== Segment start ==

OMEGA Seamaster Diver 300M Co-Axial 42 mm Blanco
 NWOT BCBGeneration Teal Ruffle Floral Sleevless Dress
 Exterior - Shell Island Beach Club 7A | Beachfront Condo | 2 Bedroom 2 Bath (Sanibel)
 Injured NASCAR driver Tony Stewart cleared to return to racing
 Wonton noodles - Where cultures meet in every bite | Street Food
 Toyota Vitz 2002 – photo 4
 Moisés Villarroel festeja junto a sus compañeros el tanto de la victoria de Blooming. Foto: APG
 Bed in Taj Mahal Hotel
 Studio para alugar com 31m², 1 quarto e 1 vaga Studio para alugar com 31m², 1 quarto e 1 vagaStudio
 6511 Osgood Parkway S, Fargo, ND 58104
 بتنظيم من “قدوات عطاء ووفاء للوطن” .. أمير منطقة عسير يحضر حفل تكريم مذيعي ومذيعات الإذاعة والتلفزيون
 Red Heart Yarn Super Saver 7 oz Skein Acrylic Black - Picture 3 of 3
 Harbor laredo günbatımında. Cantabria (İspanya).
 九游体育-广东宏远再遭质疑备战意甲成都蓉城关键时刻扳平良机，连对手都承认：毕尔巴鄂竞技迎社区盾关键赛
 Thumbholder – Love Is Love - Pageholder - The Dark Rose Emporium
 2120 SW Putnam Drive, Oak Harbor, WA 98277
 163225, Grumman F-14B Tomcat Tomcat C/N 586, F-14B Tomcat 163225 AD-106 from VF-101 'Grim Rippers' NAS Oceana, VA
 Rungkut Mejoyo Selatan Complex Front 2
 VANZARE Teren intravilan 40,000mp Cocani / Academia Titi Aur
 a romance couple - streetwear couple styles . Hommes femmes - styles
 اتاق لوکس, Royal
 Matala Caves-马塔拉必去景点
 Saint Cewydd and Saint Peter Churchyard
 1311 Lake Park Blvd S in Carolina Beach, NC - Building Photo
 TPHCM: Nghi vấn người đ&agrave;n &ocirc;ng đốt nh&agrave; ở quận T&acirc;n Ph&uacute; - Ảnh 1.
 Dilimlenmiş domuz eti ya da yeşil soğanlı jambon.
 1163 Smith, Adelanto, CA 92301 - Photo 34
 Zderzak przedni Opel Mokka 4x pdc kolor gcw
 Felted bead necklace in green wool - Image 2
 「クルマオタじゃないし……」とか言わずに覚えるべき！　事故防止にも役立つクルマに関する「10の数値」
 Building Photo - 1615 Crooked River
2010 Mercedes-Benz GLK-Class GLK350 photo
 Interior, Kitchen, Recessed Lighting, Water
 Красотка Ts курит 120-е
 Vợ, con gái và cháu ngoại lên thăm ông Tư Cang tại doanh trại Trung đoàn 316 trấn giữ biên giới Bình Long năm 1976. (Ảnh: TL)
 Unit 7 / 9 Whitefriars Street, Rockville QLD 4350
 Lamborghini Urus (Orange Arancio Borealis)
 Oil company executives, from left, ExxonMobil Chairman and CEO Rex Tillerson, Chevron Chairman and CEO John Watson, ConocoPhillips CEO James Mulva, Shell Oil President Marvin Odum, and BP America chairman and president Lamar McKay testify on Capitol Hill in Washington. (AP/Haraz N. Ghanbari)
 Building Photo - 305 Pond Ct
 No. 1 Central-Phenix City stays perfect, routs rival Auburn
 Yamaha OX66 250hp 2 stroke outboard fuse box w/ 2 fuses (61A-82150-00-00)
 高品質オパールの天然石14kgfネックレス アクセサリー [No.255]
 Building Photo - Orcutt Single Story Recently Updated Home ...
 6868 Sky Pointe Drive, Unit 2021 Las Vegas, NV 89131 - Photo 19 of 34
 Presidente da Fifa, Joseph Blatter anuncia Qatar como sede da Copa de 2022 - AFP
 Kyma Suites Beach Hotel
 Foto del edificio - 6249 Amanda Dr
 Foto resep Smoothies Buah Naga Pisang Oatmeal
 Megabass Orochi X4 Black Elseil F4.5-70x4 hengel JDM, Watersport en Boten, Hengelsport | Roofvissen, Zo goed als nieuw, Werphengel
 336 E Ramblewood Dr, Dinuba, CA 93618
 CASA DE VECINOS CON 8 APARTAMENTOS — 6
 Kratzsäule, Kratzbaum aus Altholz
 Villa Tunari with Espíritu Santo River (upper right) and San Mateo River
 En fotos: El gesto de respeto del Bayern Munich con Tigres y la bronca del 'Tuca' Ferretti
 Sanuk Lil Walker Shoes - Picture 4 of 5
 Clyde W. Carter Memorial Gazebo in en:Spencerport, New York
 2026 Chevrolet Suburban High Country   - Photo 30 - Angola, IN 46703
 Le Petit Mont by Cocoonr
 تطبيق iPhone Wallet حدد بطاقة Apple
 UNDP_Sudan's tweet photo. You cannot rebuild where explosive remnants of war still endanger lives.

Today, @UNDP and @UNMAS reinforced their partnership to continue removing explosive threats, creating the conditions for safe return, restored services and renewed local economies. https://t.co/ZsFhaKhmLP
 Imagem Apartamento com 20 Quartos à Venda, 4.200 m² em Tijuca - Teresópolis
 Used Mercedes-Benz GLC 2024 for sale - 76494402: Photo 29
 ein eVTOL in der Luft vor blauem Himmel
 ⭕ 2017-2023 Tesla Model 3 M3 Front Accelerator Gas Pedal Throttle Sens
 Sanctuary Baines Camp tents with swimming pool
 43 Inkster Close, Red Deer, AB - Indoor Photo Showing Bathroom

== Segment end ==

→ **Your objective**:
Transcribe every entry exactly, omitting nothing.

→ **Response area**:
OMEGA Seamaster Diver 300M Co-Axial 42 mm Blanco
 NWOT BCBGeneration Teal Ruffle Floral Sleevless Dress
 Exterior - Shell Island Beach Club 7A | Beachfront Condo | 2 Bedroom 2 Bath (Sanibel)
 Injured NASCAR driver Tony Stewart cleared to return to racing
 Wonton noodles - Where cultures meet in every bite | Street Food
 Toyota Vitz 2002 – photo 4
 Moisés Villarroel festeja junto a sus compañeros el tanto de la victoria de Blooming. Foto: APG
 Bed in Taj Mahal Hotel
 Studio para alugar com 31m², 1 quarto e 1 vaga Studio para alugar com 31m², 1 quarto e 1 vagaStudio
 6511 Osgood Parkway S, Fargo, ND 58104
 بتنظيم من “قدوات عطاء ووفاء للوطن” .. أمير منطقة عسير يحضر حفل تكريم مذيعي ومذيعات الإذاعة والتلفزيون
 Red Heart Yarn Super Saver 7 oz Skein Acrylic Black - Picture 3 of 3
 Harbor laredo günbatımında. Cantabria (İspanya).
 九游体育-广东宏远再遭质疑备战意甲成都蓉城关键时刻扳平良机，连对手都承认：毕尔巴鄂竞技迎社区盾关键赛
 Thumbholder – Love Is Love - Pageholder - The Dark Rose Emporium
 2120 SW Putnam Drive, Oak Harbor, WA 98277
 163225, Grumman F-14B Tomcat Tomcat C/N 586, F-14B Tomcat 163225 AD-106 from VF-101 'Grim Rippers' NAS Oceana, VA
 Rungkut Mejoyo Selatan Complex Front 2
 VANZARE Teren intravilan 40,000mp Cocani / Academia Titi Aur
 a romance couple - streetwear couple styles . Hommes femmes - styles
 اتاق لوکس, Royal
 Matala Caves-马塔拉必去景点
 Saint Cewydd and Saint Peter Churchyard
 1311 Lake Park Blvd S in Carolina Beach, NC - Building Photo
 TPHCM: Nghi vấn người đ&agrave;n &ocirc;ng đốt nh&agrave; ở quận T&acirc;n Ph&uacute; - Ảnh 1.
 Dilimlenmiş domuz eti ya da yeşil soğanlı jambon.
 1163 Smith, Adelanto, CA 92301 - Photo 34
 Zderzak przedni Opel Mokka 4x pdc kolor gcw
 Felted bead necklace in green wool - Image 2
 「クルマオタじゃないし……」とか言わずに覚えるべき！　事故防止にも役立つクルマに関する「10の数値」
 Building Photo - 1615 Crooked River
2010 Mercedes-Benz GLK-Class GLK350 photo
 Interior, Kitchen, Recessed Lighting, Water
 Красотка Ts курит 120-е
 Vợ, con gái và cháu ngoại lên thăm ông Tư Cang tại doanh trại Trung đoàn 316 trấn giữ biên giới Bình Long năm 1976. (Ảnh: TL)
 Unit 7 / 9 Whitefriars Street, Rockville QLD 4350
 Lamborghini Urus (Orange Arancio Borealis)
 Oil company executives, from left, ExxonMobil Chairman and CEO Rex Tillerson, Chevron Chairman and CEO John Watson, ConocoPhillips CEO James Mulva, Shell Oil President Marvin Odum, and BP America chairman and president Lamar McKay testify on Capitol Hill in Washington. (AP/Haraz N. Ghanbari)
 Building Photo - 305 Pond Ct
 No. 1 Central-Phenix City stays perfect, routs rival Auburn
 Yamaha OX66 250hp 2 stroke outboard fuse box w/ 2 fuses (61A-82150-00-00)
 高品質オパールの天然石14kgfネックレス アクセサリー [No.255]
 Building Photo - Orcutt Single Story Recently Updated Home ...
 6868 Sky Pointe Drive, Unit 2021 Las Vegas, NV 89131 - Photo 19 of 34
 Presidente da Fifa, Joseph Blatter anuncia Qatar como sede da Copa de 2022 - AFP
 Kyma Suites Beach Hotel
 Foto del edificio - 6249 Amanda Dr
 Foto resep Smoothies Buah Naga Pisang Oatmeal
 Megabass Orochi X4 Black Elseil F4.5-70x4 hengel JDM, Watersport en Boten, Hengelsport | Roofvissen, Zo goed als nieuw, Werphengel
 336 E Ramblewood Dr, Dinuba, CA 93618
 CASA DE VECINOS CON 8 APARTAMENTOS — 6
 Kratzsäule, Kratzbaum aus Altholz
 Villa Tunari with Espíritu Santo River (upper right) and San Mateo River
 En fotos: El gesto de respeto del Bayern Munich con Tigres y la bronca del 'Tuca' Ferretti
 Sanuk Lil Walker Shoes - Picture 4 of 5
 Clyde W. Carter Memorial Gazebo in en:Spencerport, New York
 2026 Chevrolet Suburban High Country   - Photo 30 - Angola, IN 46703
 Le Petit Mont by Cocoonr
 تطبيق iPhone Wallet حدد بطاقة Apple
 UNDP_Sudan's tweet photo. You cannot rebuild where explosive remnants of war still endanger lives.

Today, @UNDP and @UNMAS reinforced their partnership to continue removing explosive threats, creating the conditions for safe return, restored services and renewed local economies. https://t.co/ZsFhaKhmLP
 Imagem Apartamento com 20 Quartos à Venda, 4.200 m² em Tijuca - Teresópolis
 Used Mercedes-Benz GLC 2024 for sale - 76494402: Photo 29
 ein eVTOL in der Luft vor blauem Himmel
 ⭕ 2017-2023 Tesla Model 3 M3 Front Accelerator Gas Pedal Throttle Sens
 Sanctuary Baines Camp tents with swimming pool
 43 Inkster Close, Red Deer, AB - Indoor Photo Showing Bathroom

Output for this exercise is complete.